The fiscal year 2018 defense authorization act, which Congress passed late last year, calls for the deputy defense secretary to hire a federally funded research and development center (FFRDC) to craft the roadmap in case Congress ultimately decides to form a space department (Defense Daily, Nov. 8, 2017). 

Rep. Mike Rogers (R-Ala.). (Photo courtesy of congressman's office)
Rep. Mike Rogers (R-Ala.). (Photo courtesy of congressman’s office)

The FFRDC will determine “how we do set up a separate space service, what’s it going to look like and what’s a reasonable timetable,” said Rep. Mike Rogers (R-Ala.), chairman of the House Armed Services Committee’s strategic forces panel. The Department of Defense is “supposed to make that down-select next week.”

The FFRDC will then have until Aug. 1 to deliver an interim report to Congress. A final report is due Dec. 31.

Rogers estimated that setting up a space department would take three to five years due to the need to avoid disrupting ongoing space operations.

“We have to keep using these assets while we’re in the process” of setting up the new department, Rogers said at the Center for Strategic and International Studies (CSIS).
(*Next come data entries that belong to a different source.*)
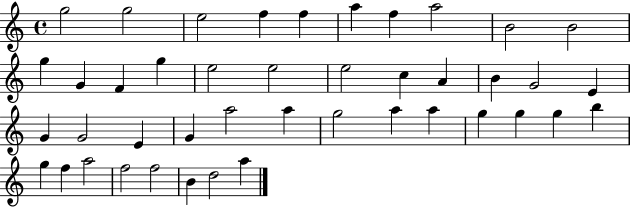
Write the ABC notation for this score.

X:1
T:Untitled
M:4/4
L:1/4
K:C
g2 g2 e2 f f a f a2 B2 B2 g G F g e2 e2 e2 c A B G2 E G G2 E G a2 a g2 a a g g g b g f a2 f2 f2 B d2 a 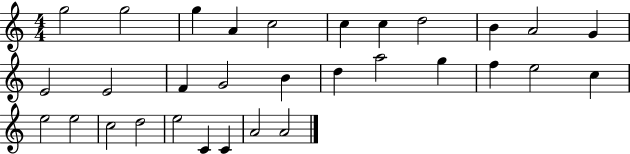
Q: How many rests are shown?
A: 0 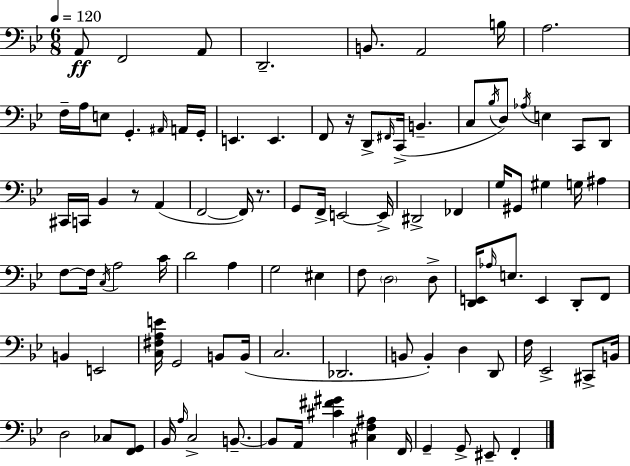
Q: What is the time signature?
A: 6/8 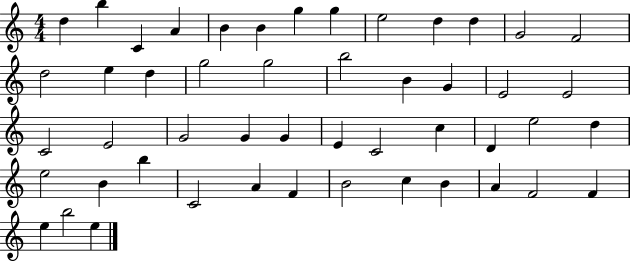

The study provision was part of a compromise between House and Senate negotiators. The House proposed creating a space corps in the Air Force Department, but some senators resisted, saying that more study is needed before a new entity is formed.

At CSIS, Rogers and Rep. Jim Cooper (D-Tenn.), the top Democrat on the strategic forces subcommittee, both predicted that Senate opposition will soften once the study is finished. With U.S. satellites increasingly vulnerable to potential adversaries, especially China and Russia, Rogers and Cooper have argued that a new entity is needed to ensure space receives more attention.
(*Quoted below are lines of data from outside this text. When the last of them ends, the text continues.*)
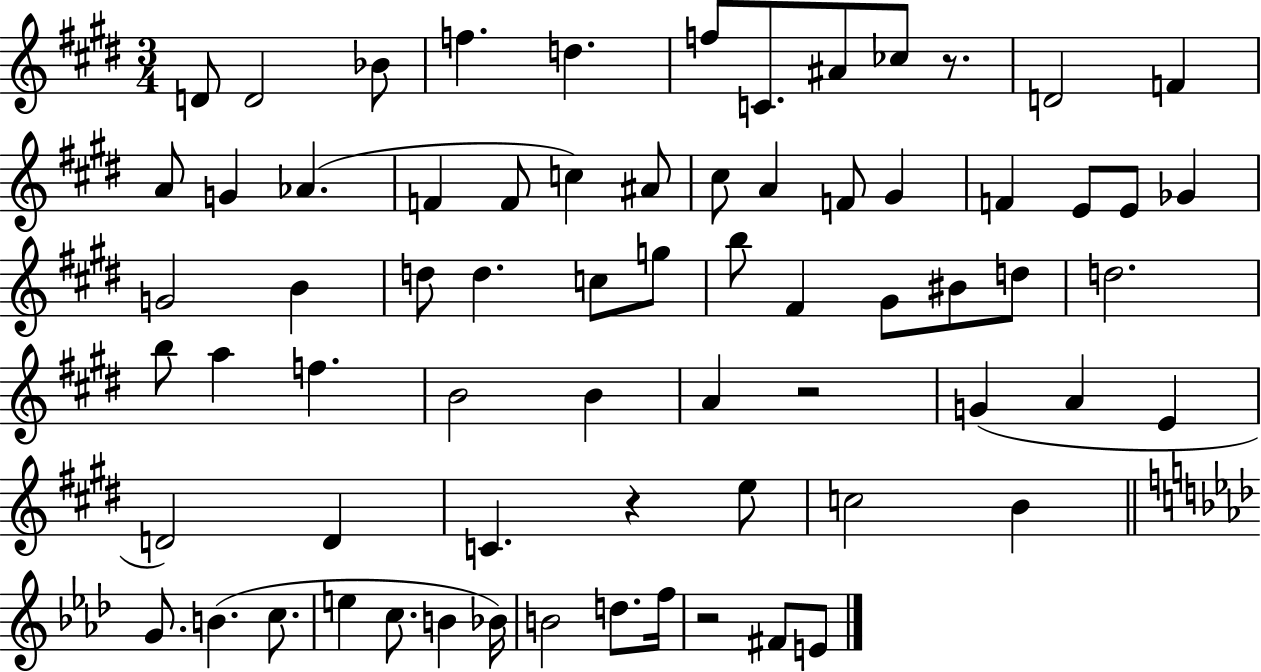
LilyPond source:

{
  \clef treble
  \numericTimeSignature
  \time 3/4
  \key e \major
  d'8 d'2 bes'8 | f''4. d''4. | f''8 c'8. ais'8 ces''8 r8. | d'2 f'4 | \break a'8 g'4 aes'4.( | f'4 f'8 c''4) ais'8 | cis''8 a'4 f'8 gis'4 | f'4 e'8 e'8 ges'4 | \break g'2 b'4 | d''8 d''4. c''8 g''8 | b''8 fis'4 gis'8 bis'8 d''8 | d''2. | \break b''8 a''4 f''4. | b'2 b'4 | a'4 r2 | g'4( a'4 e'4 | \break d'2) d'4 | c'4. r4 e''8 | c''2 b'4 | \bar "||" \break \key f \minor g'8. b'4.( c''8. | e''4 c''8. b'4 bes'16) | b'2 d''8. f''16 | r2 fis'8 e'8 | \break \bar "|."
}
“We’re in a really bad situation” in space, Rogers said.

“We could be deaf, dumb and blind within seconds,” Cooper added. “Seldom has a great nation been so vulnerable.”

To better educate fellow lawmakers and the public about that situation, Rogers called for declassifying more information about threats to U.S. spacecraft.
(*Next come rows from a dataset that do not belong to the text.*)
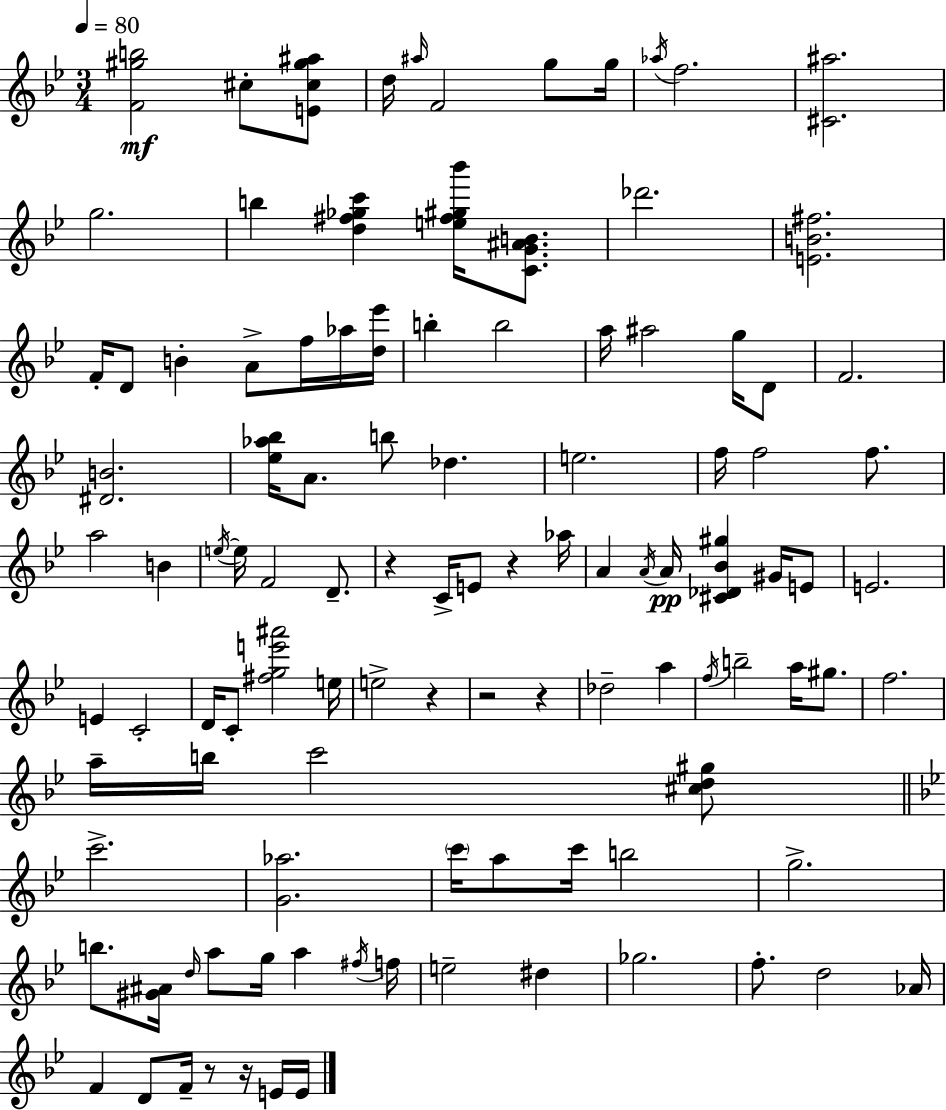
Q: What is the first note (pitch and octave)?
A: C#5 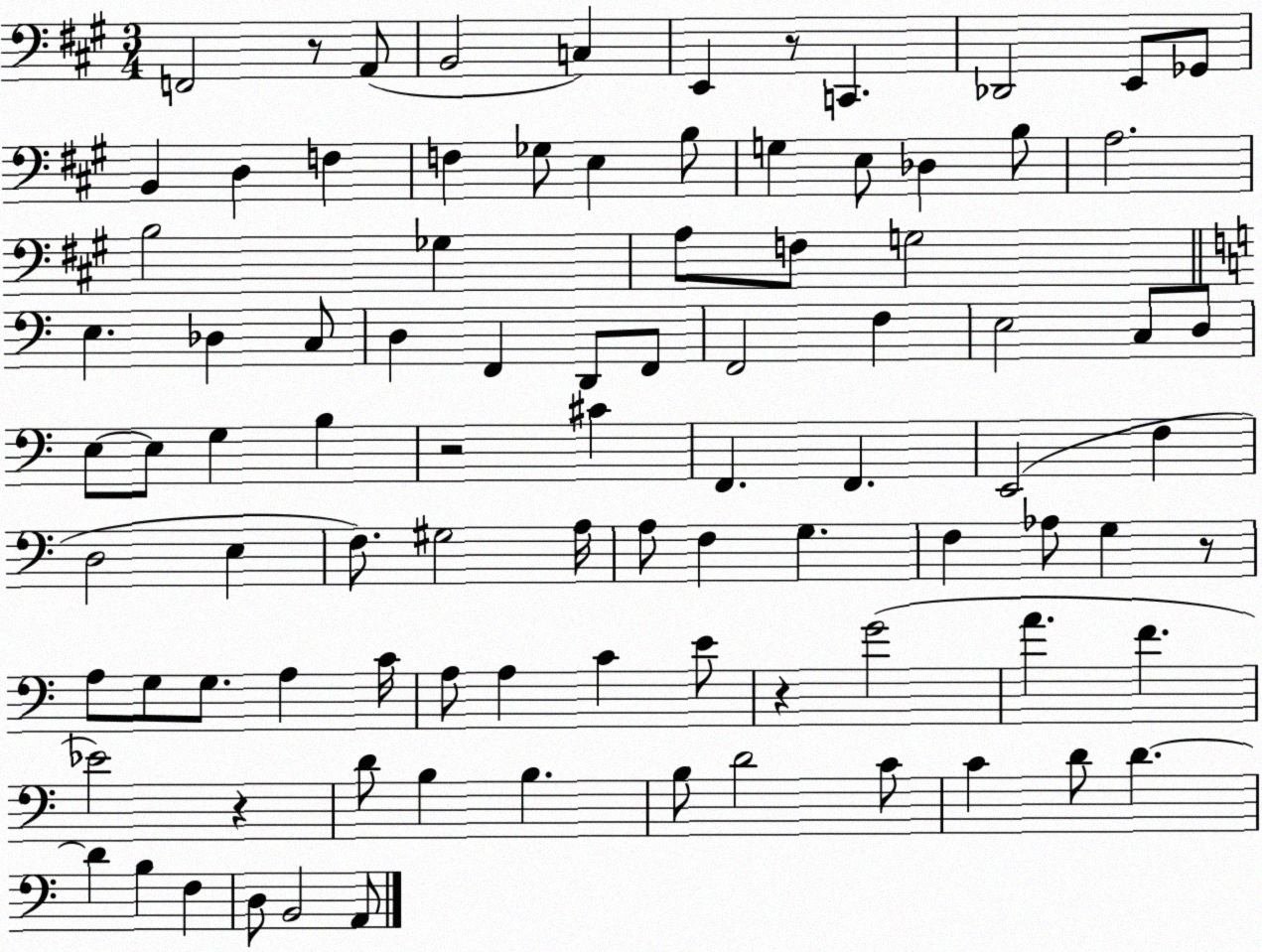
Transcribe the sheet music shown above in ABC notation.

X:1
T:Untitled
M:3/4
L:1/4
K:A
F,,2 z/2 A,,/2 B,,2 C, E,, z/2 C,, _D,,2 E,,/2 _G,,/2 B,, D, F, F, _G,/2 E, B,/2 G, E,/2 _D, B,/2 A,2 B,2 _G, A,/2 F,/2 G,2 E, _D, C,/2 D, F,, D,,/2 F,,/2 F,,2 F, E,2 C,/2 D,/2 E,/2 E,/2 G, B, z2 ^C F,, F,, E,,2 F, D,2 E, F,/2 ^G,2 A,/4 A,/2 F, G, F, _A,/2 G, z/2 A,/2 G,/2 G,/2 A, C/4 A,/2 A, C E/2 z G2 A F _E2 z D/2 B, B, B,/2 D2 C/2 C D/2 D D B, F, D,/2 B,,2 A,,/2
“It’s disturbing that we can’t let more people know, because there would be a hue and cry in the American public for us to fix this situation if they knew how bad things were and what we’ve allowed China and Russia to do,” Rogers said.

The United States is pursuing its own counter-space capabilities, but Rogers believes those efforts are insufficient.

“We have to be a lot more innovative, and I mean fast,” he said.

On a more positive note, Rogers said he is pleased that the Air Force has begun shifting more space authority to Gen. John “Jay” Raymond, head of Air Force Space Command, as required by the FY 2018 defense authorization act.

“I think that’s a good move on their part,” he said. “I just hope they continue to do that.”